Hypothermia protects human neurons

Abstract

Background and aims: Hypothermia provides neuroprotection after cardiac arrest, hypoxic-ischemic encephalopathy, and in animal models of ischemic stroke. However, as drug development for stroke has been beset by translational failure, we sought additional evidence that hypothermia protects human neurons against ischemic injury.

Methods: Human embryonic stem cells were cultured and differentiated to provide a source of neurons expressing β III tubulin, microtubule-associated protein 2, and the Neuronal Nuclei antigen. Oxygen deprivation, oxygen-glucose deprivation, and H2 O2 -induced oxidative stress were used to induce relevant injury.

Results: Hypothermia to 33°C protected these human neurons against H2 O2 -induced oxidative stress reducing lactate dehydrogenase release and Terminal deoxynucleotidyl transferase dUTP nick end labeling-staining by 53% (P ≤ 0·0001; 95% confidence interval 34·8-71·04) and 42% (P ≤ 0·0001; 95% confidence interval 27·5-56·6), respectively, after 24 h in culture. Hypothermia provided similar protection against oxygen-glucose deprivation (42%, P ≤ 0·001, 95% confidence interval 18·3-71·3 and 26%, P ≤ 0·001; 95% confidence interval 12·4-52·2, respectively) but provided no protection against oxygen deprivation alone. Protection (21%) persisted against H2 O2 -induced oxidative stress even when hypothermia was initiated six-hours after onset of injury (P ≤ 0·05; 95% confidence interval 0·57-43·1).

Conclusion: We conclude that hypothermia protects stem cell-derived human neurons against insults relevant to stroke over a clinically relevant time frame. Protection against H2 O2 -induced injury and combined oxygen and glucose deprivation but not against oxygen deprivation alone suggests an interaction in which protection benefits from reduction in available glucose under some but not all circumstances.
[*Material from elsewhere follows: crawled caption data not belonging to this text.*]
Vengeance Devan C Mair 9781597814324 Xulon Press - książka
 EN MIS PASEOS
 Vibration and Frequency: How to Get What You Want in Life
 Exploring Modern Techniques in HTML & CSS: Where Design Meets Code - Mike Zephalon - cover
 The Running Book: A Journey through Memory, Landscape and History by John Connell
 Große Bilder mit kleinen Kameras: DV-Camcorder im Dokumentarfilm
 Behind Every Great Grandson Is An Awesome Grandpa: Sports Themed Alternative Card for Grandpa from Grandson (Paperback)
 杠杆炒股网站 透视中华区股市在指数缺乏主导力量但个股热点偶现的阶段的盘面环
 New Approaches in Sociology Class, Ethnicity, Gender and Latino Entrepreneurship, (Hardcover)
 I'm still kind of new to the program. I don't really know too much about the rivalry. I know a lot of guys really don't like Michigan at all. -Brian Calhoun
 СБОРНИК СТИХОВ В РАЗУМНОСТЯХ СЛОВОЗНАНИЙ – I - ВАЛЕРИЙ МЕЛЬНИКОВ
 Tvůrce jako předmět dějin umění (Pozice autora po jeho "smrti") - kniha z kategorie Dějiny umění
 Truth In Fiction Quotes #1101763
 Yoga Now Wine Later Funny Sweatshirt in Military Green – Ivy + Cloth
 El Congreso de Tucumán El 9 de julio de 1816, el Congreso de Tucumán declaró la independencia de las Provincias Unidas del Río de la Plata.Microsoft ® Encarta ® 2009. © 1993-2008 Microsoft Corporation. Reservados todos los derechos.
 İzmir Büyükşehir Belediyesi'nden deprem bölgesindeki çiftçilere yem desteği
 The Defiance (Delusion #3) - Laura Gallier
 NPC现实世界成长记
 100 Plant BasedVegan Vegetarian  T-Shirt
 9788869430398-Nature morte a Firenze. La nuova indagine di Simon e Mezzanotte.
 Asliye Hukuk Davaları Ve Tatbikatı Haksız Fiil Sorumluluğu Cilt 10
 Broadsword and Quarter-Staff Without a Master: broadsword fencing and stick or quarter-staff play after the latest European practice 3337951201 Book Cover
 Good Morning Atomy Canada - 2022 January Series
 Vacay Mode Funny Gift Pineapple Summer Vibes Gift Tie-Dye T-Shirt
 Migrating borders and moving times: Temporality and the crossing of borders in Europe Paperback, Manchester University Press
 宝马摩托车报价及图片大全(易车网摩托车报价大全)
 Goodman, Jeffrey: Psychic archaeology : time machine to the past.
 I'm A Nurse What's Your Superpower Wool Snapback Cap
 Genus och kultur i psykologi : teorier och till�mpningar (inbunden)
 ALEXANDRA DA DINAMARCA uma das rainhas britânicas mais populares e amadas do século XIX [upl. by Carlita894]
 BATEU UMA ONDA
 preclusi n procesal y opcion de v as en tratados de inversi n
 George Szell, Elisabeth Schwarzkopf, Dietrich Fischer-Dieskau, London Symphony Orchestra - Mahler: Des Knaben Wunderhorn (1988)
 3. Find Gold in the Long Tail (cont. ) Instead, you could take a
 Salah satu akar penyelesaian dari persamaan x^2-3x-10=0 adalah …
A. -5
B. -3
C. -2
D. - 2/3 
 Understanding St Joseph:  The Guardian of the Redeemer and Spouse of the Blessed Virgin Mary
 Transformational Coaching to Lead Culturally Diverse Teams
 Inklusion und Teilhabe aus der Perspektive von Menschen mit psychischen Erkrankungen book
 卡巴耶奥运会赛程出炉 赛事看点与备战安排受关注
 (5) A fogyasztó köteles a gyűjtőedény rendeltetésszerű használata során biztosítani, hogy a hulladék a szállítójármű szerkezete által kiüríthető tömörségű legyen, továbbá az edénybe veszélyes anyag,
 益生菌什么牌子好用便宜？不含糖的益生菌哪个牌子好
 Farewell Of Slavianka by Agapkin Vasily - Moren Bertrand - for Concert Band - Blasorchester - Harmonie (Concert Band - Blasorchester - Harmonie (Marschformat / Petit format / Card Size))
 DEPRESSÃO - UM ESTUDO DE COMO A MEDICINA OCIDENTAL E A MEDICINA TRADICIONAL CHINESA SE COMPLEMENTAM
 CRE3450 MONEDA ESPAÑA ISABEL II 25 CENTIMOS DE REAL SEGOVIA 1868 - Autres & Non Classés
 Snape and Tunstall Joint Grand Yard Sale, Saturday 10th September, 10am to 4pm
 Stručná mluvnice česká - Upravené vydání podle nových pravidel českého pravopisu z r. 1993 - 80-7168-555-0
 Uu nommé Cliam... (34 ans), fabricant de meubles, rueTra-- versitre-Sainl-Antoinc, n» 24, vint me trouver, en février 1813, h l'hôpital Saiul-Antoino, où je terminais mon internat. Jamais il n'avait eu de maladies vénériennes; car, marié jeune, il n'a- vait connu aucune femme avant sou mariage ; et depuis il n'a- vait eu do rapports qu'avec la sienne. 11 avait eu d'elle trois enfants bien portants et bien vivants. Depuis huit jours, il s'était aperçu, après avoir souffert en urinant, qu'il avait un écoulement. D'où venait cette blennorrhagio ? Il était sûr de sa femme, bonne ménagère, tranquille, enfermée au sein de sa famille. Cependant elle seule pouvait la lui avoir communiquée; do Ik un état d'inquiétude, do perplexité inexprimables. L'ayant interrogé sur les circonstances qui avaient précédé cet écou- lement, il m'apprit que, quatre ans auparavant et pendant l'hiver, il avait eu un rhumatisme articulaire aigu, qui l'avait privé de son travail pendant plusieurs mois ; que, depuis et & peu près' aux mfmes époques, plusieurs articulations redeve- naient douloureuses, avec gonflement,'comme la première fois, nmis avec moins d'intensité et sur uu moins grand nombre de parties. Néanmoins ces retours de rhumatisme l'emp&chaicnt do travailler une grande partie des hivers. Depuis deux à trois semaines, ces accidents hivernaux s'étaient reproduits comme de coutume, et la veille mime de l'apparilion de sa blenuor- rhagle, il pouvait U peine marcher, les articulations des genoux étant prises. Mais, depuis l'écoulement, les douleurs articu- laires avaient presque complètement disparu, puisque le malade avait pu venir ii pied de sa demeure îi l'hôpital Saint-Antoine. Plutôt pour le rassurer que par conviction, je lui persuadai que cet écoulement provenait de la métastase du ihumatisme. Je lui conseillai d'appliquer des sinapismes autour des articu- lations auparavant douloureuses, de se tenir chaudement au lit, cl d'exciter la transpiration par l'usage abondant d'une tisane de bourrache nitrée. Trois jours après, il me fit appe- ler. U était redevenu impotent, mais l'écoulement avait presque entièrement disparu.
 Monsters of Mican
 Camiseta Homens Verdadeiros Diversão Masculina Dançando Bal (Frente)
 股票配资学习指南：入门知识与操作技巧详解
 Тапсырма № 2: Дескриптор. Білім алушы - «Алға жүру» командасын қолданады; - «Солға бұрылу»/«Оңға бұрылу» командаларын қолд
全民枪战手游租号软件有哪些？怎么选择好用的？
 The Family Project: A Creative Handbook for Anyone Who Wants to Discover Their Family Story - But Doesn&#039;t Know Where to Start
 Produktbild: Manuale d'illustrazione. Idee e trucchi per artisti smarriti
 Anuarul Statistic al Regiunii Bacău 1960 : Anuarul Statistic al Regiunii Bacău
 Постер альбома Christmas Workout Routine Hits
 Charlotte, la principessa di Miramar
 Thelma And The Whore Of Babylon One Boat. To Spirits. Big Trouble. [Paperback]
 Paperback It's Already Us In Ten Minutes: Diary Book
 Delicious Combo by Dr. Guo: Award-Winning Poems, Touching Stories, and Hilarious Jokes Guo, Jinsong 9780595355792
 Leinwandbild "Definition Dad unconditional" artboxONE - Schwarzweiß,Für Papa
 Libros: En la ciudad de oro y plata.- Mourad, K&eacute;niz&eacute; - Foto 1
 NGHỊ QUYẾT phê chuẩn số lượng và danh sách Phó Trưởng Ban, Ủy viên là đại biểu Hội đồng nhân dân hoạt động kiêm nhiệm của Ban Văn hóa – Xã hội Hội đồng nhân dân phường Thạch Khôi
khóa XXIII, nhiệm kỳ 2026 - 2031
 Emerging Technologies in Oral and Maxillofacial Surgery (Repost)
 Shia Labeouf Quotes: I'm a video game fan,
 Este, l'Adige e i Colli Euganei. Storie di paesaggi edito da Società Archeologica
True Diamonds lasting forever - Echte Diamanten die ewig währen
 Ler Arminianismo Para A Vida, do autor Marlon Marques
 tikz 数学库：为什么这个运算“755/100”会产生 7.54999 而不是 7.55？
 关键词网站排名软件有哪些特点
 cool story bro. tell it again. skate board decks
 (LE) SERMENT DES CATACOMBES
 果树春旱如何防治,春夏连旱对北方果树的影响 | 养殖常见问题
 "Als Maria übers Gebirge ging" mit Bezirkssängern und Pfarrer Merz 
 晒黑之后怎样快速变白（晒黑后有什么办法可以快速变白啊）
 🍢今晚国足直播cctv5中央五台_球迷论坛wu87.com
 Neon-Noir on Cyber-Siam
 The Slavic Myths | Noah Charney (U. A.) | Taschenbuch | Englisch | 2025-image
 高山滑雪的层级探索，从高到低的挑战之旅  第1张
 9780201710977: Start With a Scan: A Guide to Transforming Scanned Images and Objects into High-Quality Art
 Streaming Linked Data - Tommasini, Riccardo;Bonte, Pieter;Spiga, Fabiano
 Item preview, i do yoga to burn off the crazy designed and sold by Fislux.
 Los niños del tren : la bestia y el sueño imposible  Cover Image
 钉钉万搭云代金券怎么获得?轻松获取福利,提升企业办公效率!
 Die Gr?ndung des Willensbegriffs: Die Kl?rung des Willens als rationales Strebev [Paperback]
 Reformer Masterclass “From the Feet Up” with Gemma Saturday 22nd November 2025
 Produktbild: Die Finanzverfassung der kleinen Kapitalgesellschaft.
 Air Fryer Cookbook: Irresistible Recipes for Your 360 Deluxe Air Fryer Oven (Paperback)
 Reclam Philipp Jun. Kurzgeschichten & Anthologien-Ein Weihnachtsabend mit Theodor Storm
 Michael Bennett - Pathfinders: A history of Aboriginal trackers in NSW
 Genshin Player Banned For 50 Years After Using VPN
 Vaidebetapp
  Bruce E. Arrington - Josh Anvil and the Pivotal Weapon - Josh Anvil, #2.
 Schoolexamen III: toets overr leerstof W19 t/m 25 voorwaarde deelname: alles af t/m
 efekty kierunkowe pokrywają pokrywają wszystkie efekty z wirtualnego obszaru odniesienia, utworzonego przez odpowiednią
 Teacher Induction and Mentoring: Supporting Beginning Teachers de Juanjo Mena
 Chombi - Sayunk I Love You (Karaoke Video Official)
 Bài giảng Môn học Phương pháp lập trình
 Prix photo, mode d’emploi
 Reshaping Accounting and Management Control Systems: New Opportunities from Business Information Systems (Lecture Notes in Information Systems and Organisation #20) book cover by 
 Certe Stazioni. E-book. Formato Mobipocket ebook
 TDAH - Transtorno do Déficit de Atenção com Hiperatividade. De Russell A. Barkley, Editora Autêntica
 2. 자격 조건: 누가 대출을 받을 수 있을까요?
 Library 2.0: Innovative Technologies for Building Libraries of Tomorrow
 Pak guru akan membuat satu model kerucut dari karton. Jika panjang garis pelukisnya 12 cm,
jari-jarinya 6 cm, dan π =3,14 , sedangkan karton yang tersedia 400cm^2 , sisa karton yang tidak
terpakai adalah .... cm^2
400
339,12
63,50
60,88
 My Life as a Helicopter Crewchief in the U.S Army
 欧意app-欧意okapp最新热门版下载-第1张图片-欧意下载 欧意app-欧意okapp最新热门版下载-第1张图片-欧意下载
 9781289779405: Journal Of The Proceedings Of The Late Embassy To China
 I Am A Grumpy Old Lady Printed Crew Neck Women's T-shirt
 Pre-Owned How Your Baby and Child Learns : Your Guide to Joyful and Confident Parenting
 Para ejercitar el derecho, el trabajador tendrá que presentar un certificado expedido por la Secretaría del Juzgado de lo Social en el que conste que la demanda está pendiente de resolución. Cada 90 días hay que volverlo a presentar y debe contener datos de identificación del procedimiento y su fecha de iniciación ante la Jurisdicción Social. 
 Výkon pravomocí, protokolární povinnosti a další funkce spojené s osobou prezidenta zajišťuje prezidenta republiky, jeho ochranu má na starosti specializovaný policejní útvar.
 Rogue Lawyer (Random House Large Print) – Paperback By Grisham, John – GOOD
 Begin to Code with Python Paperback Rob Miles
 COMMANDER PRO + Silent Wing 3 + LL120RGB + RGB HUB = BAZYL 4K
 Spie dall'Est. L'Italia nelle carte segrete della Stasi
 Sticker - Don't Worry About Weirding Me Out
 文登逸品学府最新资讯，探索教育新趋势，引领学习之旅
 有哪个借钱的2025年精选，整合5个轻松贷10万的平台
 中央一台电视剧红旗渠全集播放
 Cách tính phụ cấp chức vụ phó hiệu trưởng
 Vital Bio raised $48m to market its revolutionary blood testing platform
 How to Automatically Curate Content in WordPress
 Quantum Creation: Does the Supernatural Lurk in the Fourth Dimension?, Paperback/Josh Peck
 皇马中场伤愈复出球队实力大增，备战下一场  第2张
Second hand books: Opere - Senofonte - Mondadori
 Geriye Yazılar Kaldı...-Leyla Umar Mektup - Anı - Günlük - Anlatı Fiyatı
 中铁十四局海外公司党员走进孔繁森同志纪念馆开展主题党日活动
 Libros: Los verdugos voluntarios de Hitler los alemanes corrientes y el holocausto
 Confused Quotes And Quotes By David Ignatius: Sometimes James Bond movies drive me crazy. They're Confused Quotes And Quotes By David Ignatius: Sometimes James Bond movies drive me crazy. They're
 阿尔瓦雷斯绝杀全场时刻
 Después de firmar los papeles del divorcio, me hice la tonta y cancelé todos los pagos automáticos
Keywords: brain; hypothermia; ischemic stroke; neuroprotection; stem cells; treatment.

Figure 1

β III tubulin positive human neurons after 11 days in culture with nuclei counterstained with 4',6-diamidino-2-phenylindole dihydrochloride (DAPI).

Figure 2

The effects of hypothermia on H₂O₂-induced cell death. Hypothermia reduces LDH detected cell death by 45% at four-hours (a) and effectively abolished (92% reduction) the delayed injury (b). The net effect at 24 h was reduction of 53% (c). H₂O₂-induced oxidative stress increased TUNEL-detected apoptotic cell death 2.9-fold after 24 h and hypothermia prevents 42% of this death (d). Statistical significance detected at *P ≤ 0·05, **P ≤ 0·01, #P ≤ 0·0005, and ##P ≤ 0·0001. Data presented as mean ± SEM.

Figure 3

The effects of hypothermia on oxygen deprivation induced cell death. Hypothermia has no beneficial effect at four hours (a), 4–20 h (b), or in the combined 24 h LDH measurement of cell death (c) as well as on apoptotic cell death detected by TUNEL staining at 24 h (d). NS = not significant.

Figure 4

The effects of hypothermia on oxygen glucose deprivation (OGD)-induced cell death. Hypothermia reduced OGD-induced cell death at four hours by 37% (a). Hypothermia reduced the delayed injury that occurred between removal of OGD at four hours and completion of the experiment at 24 h by 80% (b). The net effect at 24 h was a reduction of LDH release of 42% (c). TUNEL staining for apoptosis at 24 h suggested that 22% of cell death occurred by this mechanism and that hypothermia prevented 26% of this death (d). *P ≤ 0·05, #P ≤ 0·0005, and ##P ≤ 0·0001. Data presented as mean ± SEM.

Figure 5

Time-dependent effects of hypothermia on H₂O₂ and OGD-induced cell death. Hypothermia reduces LDH-detected cell death induced with H₂O₂ by 52%, 43%, 34%, and 21% (a) and OGD-induced injury by 45%, 30%, 27%, and 4% when started at 0, one-, three-, and six-hours (b), respectively. *P ≤ 0·05, **P ≤ 0·01, #P ≤ 0·0005, and ##P ≤ 0·0001. Data presented as mean ± SEM.